The mutation patterns in B-cell immunoglobulin receptors reflect the influence of selection acting at multiple time-scales

Abstract

During the several-week course of an immune response, B cells undergo a process of clonal expansion, somatic hypermutation of the immunoglobulin (Ig) genes and affinity-dependent selection. Over a lifetime, each B cell may participate in multiple rounds of affinity maturation as part of different immune responses. These two time-scales for selection are apparent in the structure of B-cell lineage trees, which often contain a 'trunk' consisting of mutations that are shared across all members of a clone, and several branches that form a 'canopy' consisting of mutations that are shared by a subset of clone members. The influence of affinity maturation on the B-cell population can be inferred by analysing the pattern of somatic mutations in the Ig. While global analysis of mutation patterns has shown evidence of strong selection pressures shaping the B-cell population, the effect of different time-scales of selection and diversification has not yet been studied. Analysis of B cells from blood samples of three healthy individuals identifies a range of clone sizes with lineage trees that can contain long trunks and canopies indicating the significant diversity introduced by the affinity maturation process. We here show that observed mutation patterns in the framework regions (FWRs) are determined by an almost purely purifying selection on both short and long time-scales. By contrast, complementarity determining regions (CDRs) are affected by a combination of purifying and antigen-driven positive selection on the short term, which leads to a net positive selection in the long term. In both the FWRs and CDRs, long-term selection is strongly dependent on the heavy chain variable gene family.

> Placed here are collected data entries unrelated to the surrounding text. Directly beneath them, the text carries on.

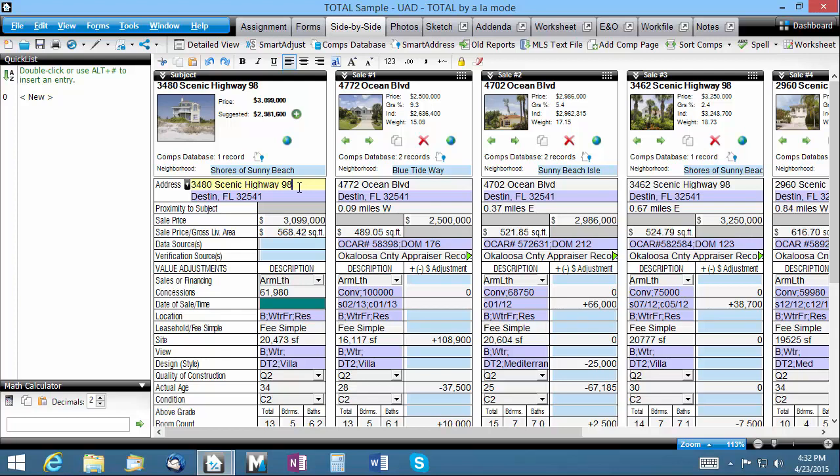Total's Advanced Side-by-Side PowerView gives you lots of options for automatically sorting and adjusting comparables, but sometimes you want to arrange your comparables manually according to your own criteria. Did you know that you can simply drag and drop comparables from one location to another within the Side-by-Side PowerView?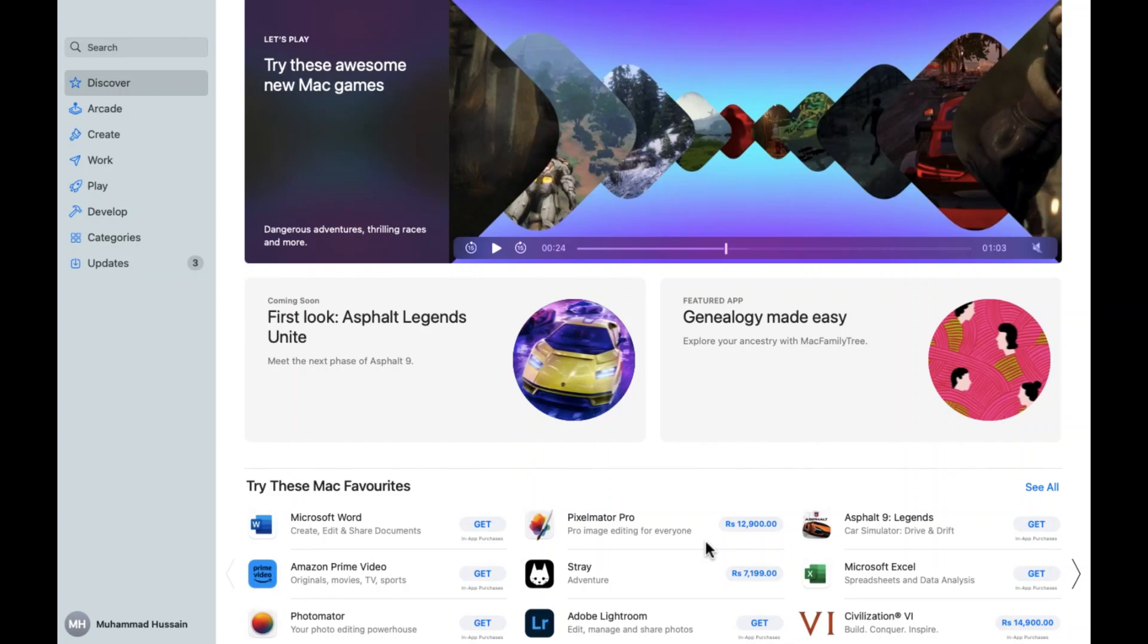Hope you guys are doing well, welcome back. So in this video I'm going to show you how you can download Messenger on your MacBook. So let's start.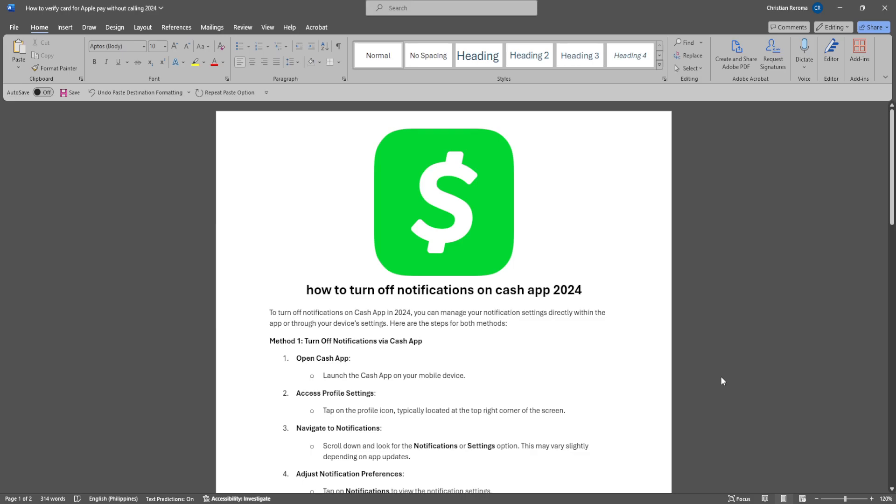In this video I'm going to show you how to turn off notifications on Cash App. Please watch the video until the end and follow this tutorial step by step to avoid making mistakes.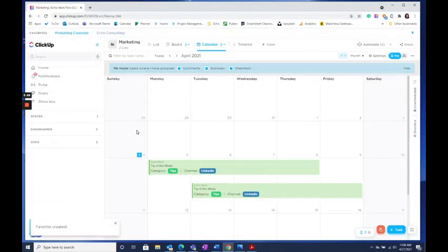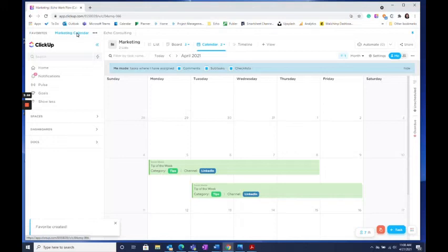Once you click Save, your view will be right at the top bar where you can easily access it from any page in ClickUp, even from your home screen, dashboards, goals, and more.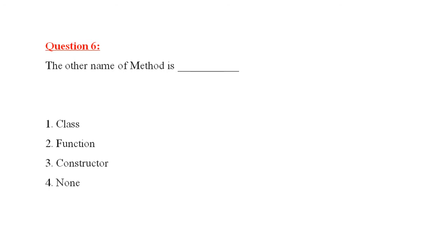Question number six is, this is very simple. The other name of method is, dash. The four options are there. The correct answer would be function. Methods are also called functions.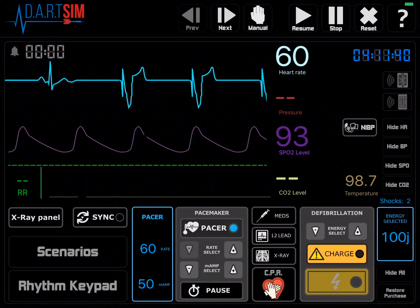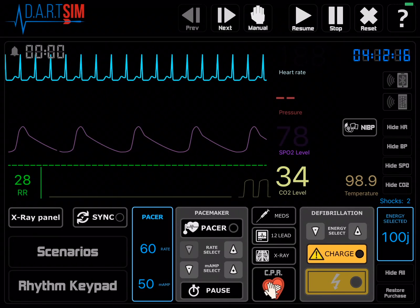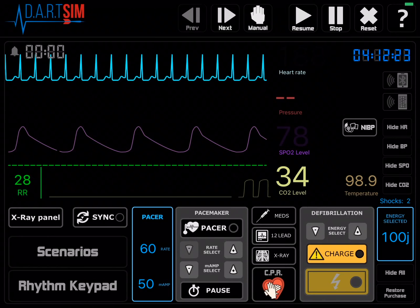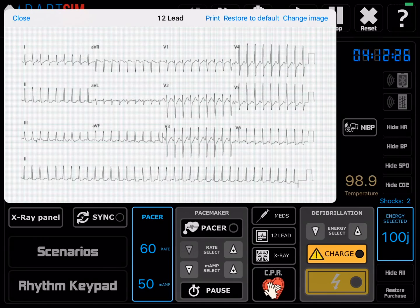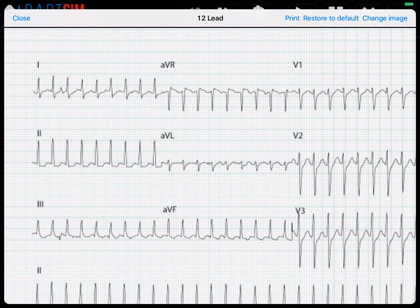There are a couple other things you can interact with on the monitor. For some of our scenarios, it's very important that you do a 12-lead. If you look just below the ETCO2 level, there's a 12-lead button. Go ahead and hit that and it'll bring up your 12-lead, and you can even zoom in on particular leads.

Keywords: B-cell receptor; affinity maturation; antigen-driven selection; lineage trees; mutations; next generation sequencing.

Figure 1.

B-cell lineages divide the affinity maturation process into long (trunk) and short (canopy) time-scales. (a) Antibodies are composed of two identical heavy chains and two identical light chains. The mRNA coding for each chain is divided into FWRs and CDRs, which are interlaced in the linear genetic code. To identify the somatic mutations that are accumulated during affinity maturation, antibody sequences are first aligned with the corresponding inferred germline sequence. (b) After clustering the repertoire into clonally related sequences (clones) and building lineage trees, the affinity maturation process was divided into two non-overlapping intervals: trunk and canopy, which were separated by the MRCA in the lineage, and correspond to long and short time-scales, respectively. The number of mutations is indicated along each branch (assumed to be unity if no number). (Online version in colour.)

Figure 2.

Trunk mutations dominate B-cell repertoires from blood samples of healthy donors. (a) Clone size distribution for each of the sequenced isotypes from subject 420IV. Axes are logarithmic and bins are ‘logarithmic’ sized (each bin is double the size of the previous one). (b) The number of mutations associated with the trunk or canopy was determined for IgG sequences of subject 420IV. Mutations from different regions (FWRs, CDRs or both) are shown in the three panels.

Figure 3.

Mutations in the FWRs are negatively selected in both trunk and canopy. (a,c) The fraction of clones with significant negative (filled bars) or positive (hatched bars) selection as determined by (a) BASELINe and (c) MBSM applied to the FWRs. In each panel, the upper part refers to the trunk, while the lower part refers to the canopy. (b,d) The average selection strength across all sequences as determined by (b) BASELINe and (d) MBSM applied to the FWRs. For BASELINe (b), 95% CIs are shown for each of the selection estimations.

Figure 4.

Mutations in the CDRs are positively selected in the trunk. (a,c) The fraction of clones with significant negative (filled bars) or positive (hatched bars) selection as determined by (a) BASELINe and (c) MBSM applied to the CDRs. In each panel, the upper part refers to the trunk, while the lower part refers to the canopy. (b,d) The average selection strength across all sequences as determined by (b) BASELINe and (d) MBSM applied to the CDRs. For BASELINe (b), 95% CIs are shown for each of the selection estimations.

Figure 5.

Correlation of the V gene selection estimations between subjects. (a) Pearson's correlations are shown for the selection estimations calculated for each V gene using MBMS. Only V genes that were used in more than 1% of the sampled repertoire were included. (b) Scatter plot for the V gene selection estimations in the CDRs and canopy data of subject PGP1 versus subject hu420143. Colours represent different V genes as indicated in the colour key to the right. (Online version in colour.)